I’ve been getting a lot of questions about how to maintain structure while the kids are off school. I get it. If you were tight for breathing room before break, you’re now feeling like you’re holding your breath. Not fun.
Many of us, including myself, are incredibly uncomfortable with downtime. We say we want it, but when it comes, we feel overwhelmed by the expansiveness and potential chaos of it all. A little shift in our day we can deal with, but an empty calendar feels akin to what I imagine a budding artist might feel looking at a blank canvas.
Let me rephrase that. I’m thinking an artist might sense amazing possibility at the site of that blank canvas. The way I feel about the upcoming time off with my boys. But stick me in front of a plain white sheet of anything and my anxiety soars!
And I’m thinking you might be feeling the same about this holiday break.

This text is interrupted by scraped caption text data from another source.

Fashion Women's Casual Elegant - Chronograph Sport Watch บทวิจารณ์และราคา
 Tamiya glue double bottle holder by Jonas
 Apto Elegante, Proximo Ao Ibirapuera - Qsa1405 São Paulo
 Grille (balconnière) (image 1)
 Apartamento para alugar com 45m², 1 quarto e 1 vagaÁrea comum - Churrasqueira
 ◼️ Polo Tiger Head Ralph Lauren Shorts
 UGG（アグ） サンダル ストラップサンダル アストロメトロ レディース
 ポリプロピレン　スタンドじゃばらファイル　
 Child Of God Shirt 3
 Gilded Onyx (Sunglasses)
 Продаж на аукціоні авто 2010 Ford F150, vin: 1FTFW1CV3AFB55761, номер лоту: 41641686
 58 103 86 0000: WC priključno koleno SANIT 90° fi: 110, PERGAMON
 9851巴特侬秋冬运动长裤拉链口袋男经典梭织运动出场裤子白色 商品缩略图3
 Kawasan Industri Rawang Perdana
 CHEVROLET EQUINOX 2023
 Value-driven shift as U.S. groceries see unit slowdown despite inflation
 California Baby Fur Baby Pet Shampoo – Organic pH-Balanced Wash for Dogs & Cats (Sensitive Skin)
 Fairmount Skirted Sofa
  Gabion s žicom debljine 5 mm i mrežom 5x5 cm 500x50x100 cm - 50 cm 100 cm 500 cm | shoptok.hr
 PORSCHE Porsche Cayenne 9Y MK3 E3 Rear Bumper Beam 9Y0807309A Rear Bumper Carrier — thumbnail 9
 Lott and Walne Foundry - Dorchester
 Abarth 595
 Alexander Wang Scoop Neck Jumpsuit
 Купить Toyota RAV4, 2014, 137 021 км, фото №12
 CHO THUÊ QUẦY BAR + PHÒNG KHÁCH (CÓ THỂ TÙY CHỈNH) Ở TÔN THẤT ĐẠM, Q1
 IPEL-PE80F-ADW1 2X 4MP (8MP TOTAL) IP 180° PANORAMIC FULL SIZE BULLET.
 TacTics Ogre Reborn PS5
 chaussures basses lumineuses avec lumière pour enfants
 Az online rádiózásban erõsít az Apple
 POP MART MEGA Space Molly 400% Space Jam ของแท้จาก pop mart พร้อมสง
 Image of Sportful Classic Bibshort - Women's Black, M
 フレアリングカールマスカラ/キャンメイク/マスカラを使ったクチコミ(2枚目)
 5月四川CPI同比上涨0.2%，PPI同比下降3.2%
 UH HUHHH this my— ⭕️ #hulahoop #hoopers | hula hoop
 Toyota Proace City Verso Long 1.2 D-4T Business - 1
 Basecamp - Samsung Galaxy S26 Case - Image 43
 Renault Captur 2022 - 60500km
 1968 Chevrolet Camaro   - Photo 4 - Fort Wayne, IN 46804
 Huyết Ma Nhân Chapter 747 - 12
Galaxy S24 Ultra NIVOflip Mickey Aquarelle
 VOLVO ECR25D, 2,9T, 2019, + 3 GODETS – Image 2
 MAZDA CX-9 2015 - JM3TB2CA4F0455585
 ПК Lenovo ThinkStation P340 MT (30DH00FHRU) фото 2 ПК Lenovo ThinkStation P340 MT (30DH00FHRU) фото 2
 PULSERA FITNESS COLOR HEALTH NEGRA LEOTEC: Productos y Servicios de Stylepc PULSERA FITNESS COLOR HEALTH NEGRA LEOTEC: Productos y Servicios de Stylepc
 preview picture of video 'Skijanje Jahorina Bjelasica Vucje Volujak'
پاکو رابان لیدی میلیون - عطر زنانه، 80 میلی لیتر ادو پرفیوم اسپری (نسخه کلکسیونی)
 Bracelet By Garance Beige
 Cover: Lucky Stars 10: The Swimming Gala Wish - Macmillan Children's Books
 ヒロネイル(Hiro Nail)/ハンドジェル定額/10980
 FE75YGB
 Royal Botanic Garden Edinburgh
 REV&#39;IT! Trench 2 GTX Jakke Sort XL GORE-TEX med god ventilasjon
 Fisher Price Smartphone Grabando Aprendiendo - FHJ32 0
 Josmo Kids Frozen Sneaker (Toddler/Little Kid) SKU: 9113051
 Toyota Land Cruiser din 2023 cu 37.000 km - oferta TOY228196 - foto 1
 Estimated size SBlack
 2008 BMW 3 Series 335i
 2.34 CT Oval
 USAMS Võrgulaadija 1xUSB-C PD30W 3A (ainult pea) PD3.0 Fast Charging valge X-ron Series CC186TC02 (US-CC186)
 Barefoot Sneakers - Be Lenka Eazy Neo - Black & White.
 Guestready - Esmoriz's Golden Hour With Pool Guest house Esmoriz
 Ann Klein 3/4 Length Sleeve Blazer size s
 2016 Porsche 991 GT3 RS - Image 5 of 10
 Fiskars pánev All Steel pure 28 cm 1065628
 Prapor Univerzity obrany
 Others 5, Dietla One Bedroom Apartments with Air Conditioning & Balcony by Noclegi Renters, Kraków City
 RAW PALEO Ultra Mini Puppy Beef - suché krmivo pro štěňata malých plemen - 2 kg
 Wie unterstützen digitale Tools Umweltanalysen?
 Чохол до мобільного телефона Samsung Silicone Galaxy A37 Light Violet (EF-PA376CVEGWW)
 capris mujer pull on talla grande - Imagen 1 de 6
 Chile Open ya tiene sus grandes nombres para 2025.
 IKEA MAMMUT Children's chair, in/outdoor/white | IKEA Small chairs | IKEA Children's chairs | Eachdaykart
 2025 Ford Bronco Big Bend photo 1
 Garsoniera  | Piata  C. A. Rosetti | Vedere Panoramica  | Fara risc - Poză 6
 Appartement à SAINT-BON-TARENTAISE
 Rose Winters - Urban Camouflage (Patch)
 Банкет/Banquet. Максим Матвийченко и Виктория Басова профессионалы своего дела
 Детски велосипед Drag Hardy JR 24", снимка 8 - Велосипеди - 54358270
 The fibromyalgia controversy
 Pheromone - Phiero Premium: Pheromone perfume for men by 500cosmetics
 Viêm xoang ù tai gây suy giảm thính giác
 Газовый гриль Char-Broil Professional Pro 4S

Here are 8 simple steps to help you enjoy this break with your kids:
1. Make a mindset shift.
As I see it, all we need to do is shift our mindset a bit, and it becomes quite easy to create a fun, peaceful time together.
Instead of: “Oh, shit! I’m stuck home with the kids for two weeks! (at least) It’s going to be so hard!”
Try: “A whole two weeks without rushing and deadlines and expectations! That opens up so much possibility!”
From this place, we’ve got the energy flow we need to create whatever we can dream up!
2. Let as much structure go as you can. It’s really nice to not have to get places by certain times for a change!
Consider taking a break from regular appointments and commitments. Consider unplugging!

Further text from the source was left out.